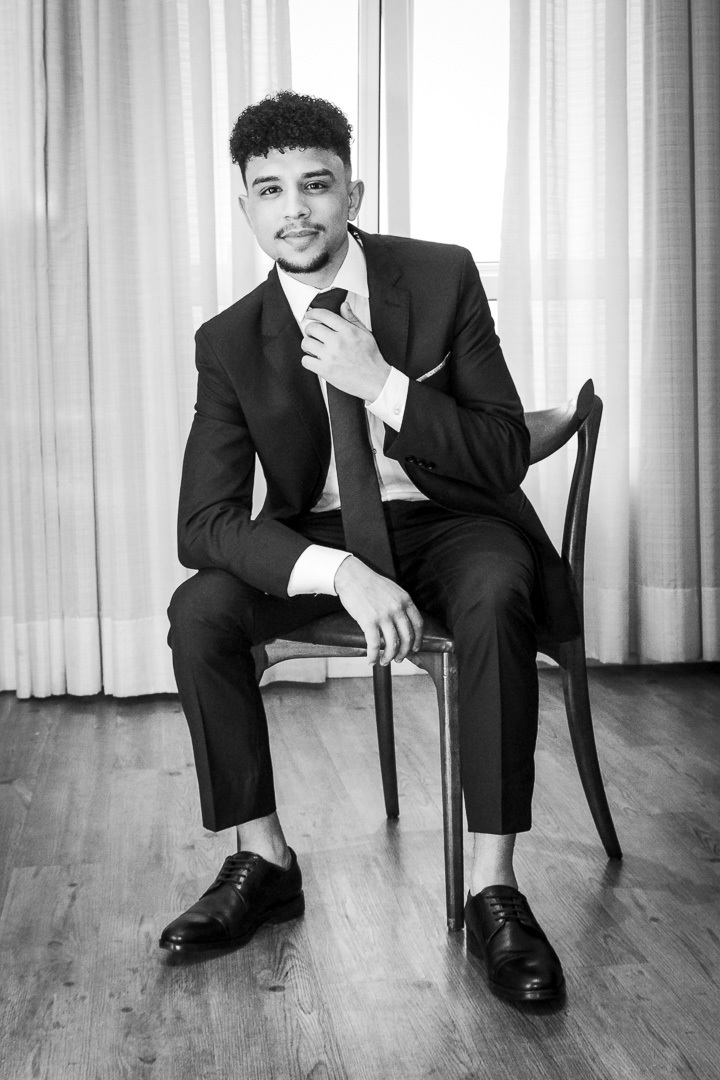 dia do noivo; hotel Intercity; fotógrafo de casamentos; terno do noivo; retrato do noivo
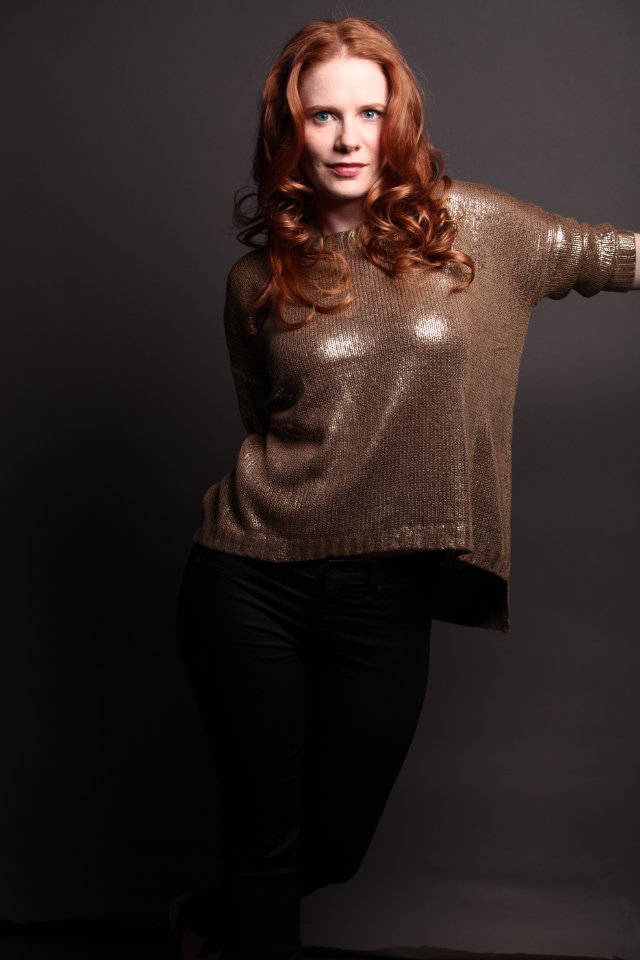 Hillary Tuck picture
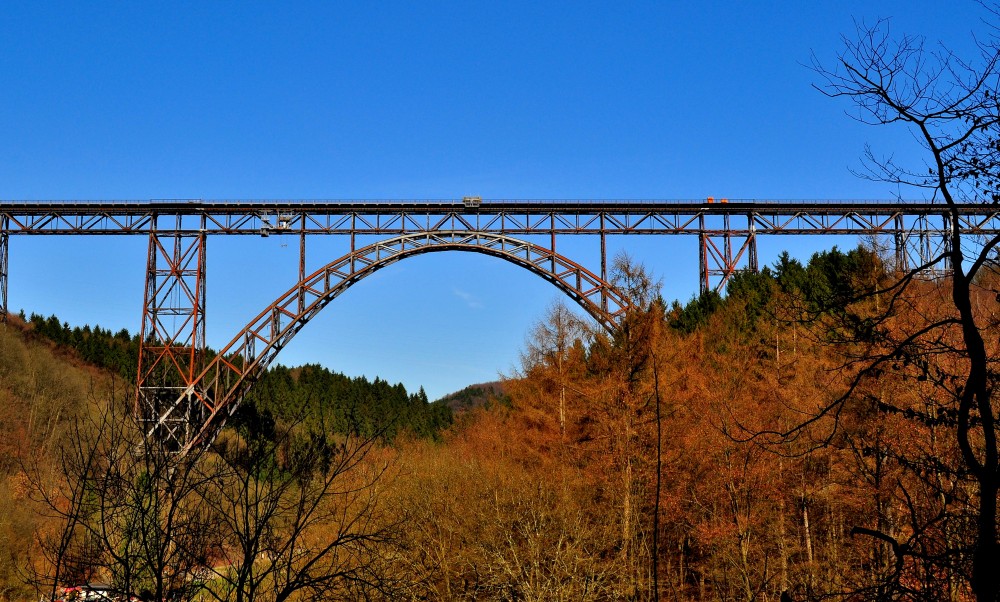 Brücke Mü von hinten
****************************************
- **WHAT THE TASK REQUIRES**
Copy the preceding data in full and word for word, dropping its pictures.

- **SOLUTION FOR THIS PROBLEM**
 dia do noivo; hotel Intercity; fotógrafo de casamentos; terno do noivo; retrato do noivo
 Hillary Tuck picture
 Brücke Mü von hinten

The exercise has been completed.